4. In his charge the judge instructed the jury on the elements of the offense of armed robbery. The defendant subsequently requested and was denied instructions on the offenses of unarmed robbery and simple assault. The judge stated that, although he normally instructed the jury on such lesser included offenses, he would not do so in this case in view of the defendant's closing argument. In his closing argument the defendant's attorney had stated, "I don't think there's doubt in anyone's mind that at some time on the evening of August 21, 1975, that Mr. Enman was robbed." He later stated, "[I]f you reject or if you have doubts in your mind that the victim has in fact identified the wrong person, then that doubt's got to be resolved in favor of Mr. Layton, and you'd be warranted in finding him not guilty, because that is what this case is all about in a nutshell, whether or not the person in back of that cab was in fact Tyrone Layton."
The victim had testified that one of the robbers had struck him with a gun and "it was shoved under my face." The defendant's attorney conducted a thorough and searching cross-examination of the victim without touching on the question of a gun. Moreover, in his argument the defendant's attorney conceded the fact of the robbery and chose not to challenge the credibility or accuracy of the victim's testimony concerning the event. He focused instead, as he had in his cross-examination of the victim, on the question whether the defendant was in fact the person who had committed the offense. The presence of a gun was not a "disputed factual element." See Driscoll v. United States, 356 F.2d 324, 327-328 (1st Cir. 1966), vacated on other grounds sub nom.

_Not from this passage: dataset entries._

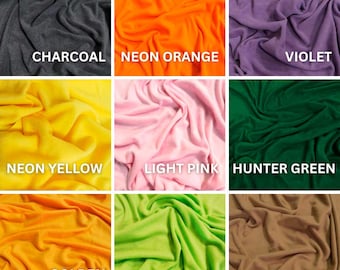 Solid Anti-Pill Polar Fleece Fabric, 60" Wide Polyester Fleece for Blankets, Hoodies, Jackets, Tie Blankets & Winter Sewing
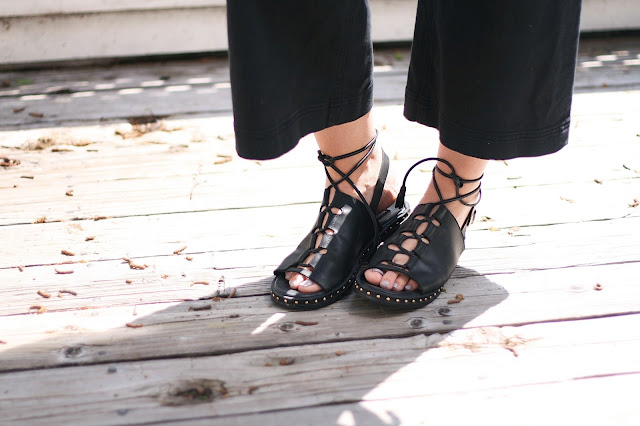 Spring sandals, Revolve, Jaggar Footwear, Black, Gold studs, Fashion Blogger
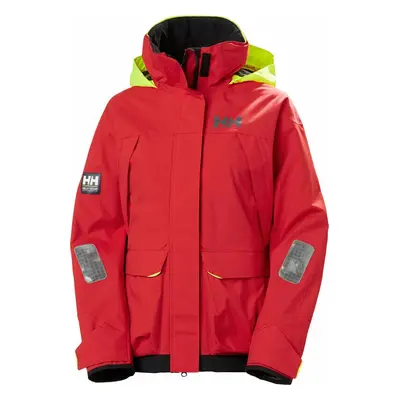 Helly Hansen Bunda Women's Pier 3.0 Coastal Sailing Jacket Alert Red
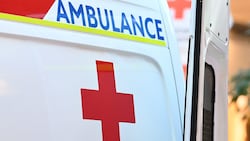 Sechs Personen wurden mit Rettungsautos ins Krankenhaus Eisenstadt gebracht, drei von ihnen ins ...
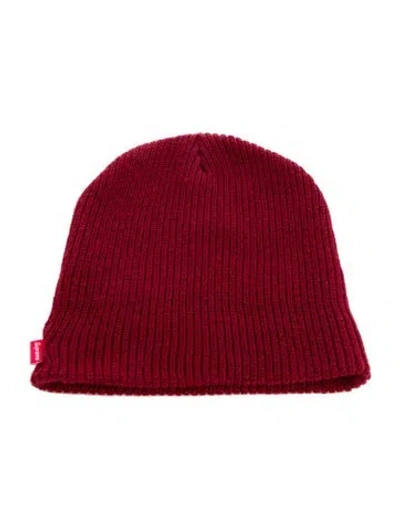 Pre-owned Supreme Knit Beanie In Red
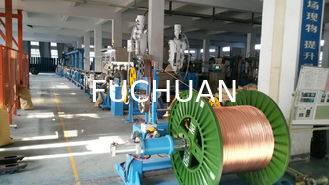 Sky Blue Power Wire Extruder Machine for Single Wire Dia 6-25mm Max Speed 500M/min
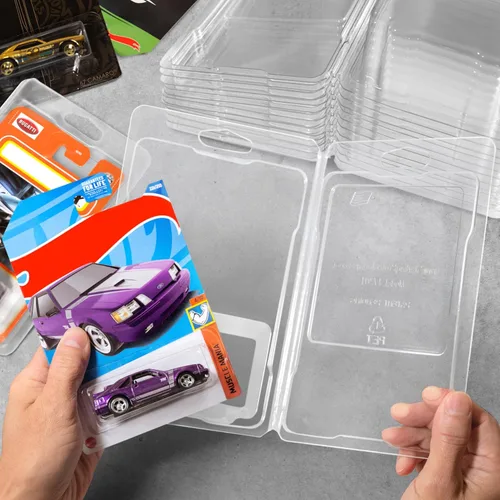 Vista 3 de Sterling Protector Case Modelo 17201 Mainline Paquete de 6 en caja de regalo para Hot Wheels y Matchbox Diecast, se adapta a tarjetas de tamaño 6.5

Piccioli v. United States, 390 U.S. 202 (1968). Compare Commonwealth v. Hogg, 365 Mass. 290 , 295 (1974). We cannot say under the circumstances that the judge erred in refusing to instruct the jury on lesser included offenses.
5. There is no merit to the defendant's claim that the judge erred in referring to him upon two occasions as an "inmate" of Hillside House.
[Note 1] The petition for a writ of error was dismissed pursuant to an agreement for voluntary dismissal subsequent to the trial in this case.